The tradition started in 1909, when Boston Post publisher Edwin A. Grozier mailed canes to 700 small towns in Maine, Massachusetts, New Hampshire and Rhode Island, according to the Boston Post Cane Information Center. Each gold-tipped cane, carved out of ebony from the Congo, was to be given to the town’s oldest man until his death, when it would move to the next oldest.


Though the practice (minus the gender requirement) has survived long after the Boston Post shuttered more than 60 years ago, the history of the canes has branched into 700 unique stories.

The tradition died in Brunswick, as in other towns, when the cane went missing for several years, according to Aimée L. Keithan, museum services manager at the Pejepscot History Center. When Bob Naegely rediscovered the token in his office at 86 Maine St. in 1996, he donated it to the History Center.

Freeport has managed to keep its cane, but the tradition has fizzled out nonetheless, Town Clerk Christine Wolfe said. While the Town Council will sometimes give out honorary pins to centenarians upon request, it hasn’t given an official award to its oldest citizen in years.

Other communities have elected to revive the practice after long lapses. Though it hadn’t given the Boston Post Cane award since 2009, Topsham’s Town Council voted in 2017 to bring the honor back in a simplified form: Winners would now receive certificates instead Edwin A. Grozier’s original ebony.

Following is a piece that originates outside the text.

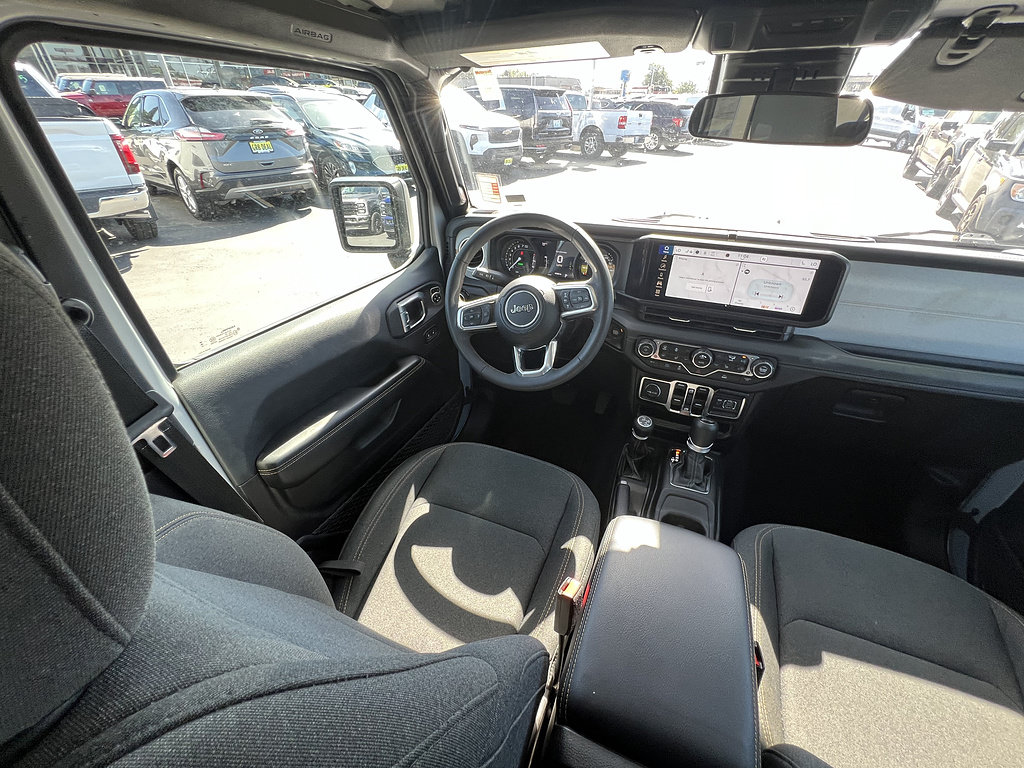 Used 2024 Jeep Wrangler Unlimited Sahara AWD/4WD image 15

Even after streamlining the process so town officials don’t need to chase down the physical canes, the process of finding the rightful honoree can still be complicated, according to clerks. Besides soliciting nominations from residents, they must spend time digging through annual town reports and voting records, consulting with tax and vehicle registration departments, and calling older residents to confirm they’re still alive.

Still, Bowdoinham Town Clerk Tina Magno said she’s excited to discover and share the story of a longtime resident — someone who will be almost as old as the cane they’ve earned.

“There’s so many people here in this town that do so much,” Magno said. “Just recognizing their efforts in making this town what it is, what it was and what it needs to become is what, hopefully, that cane can represent.”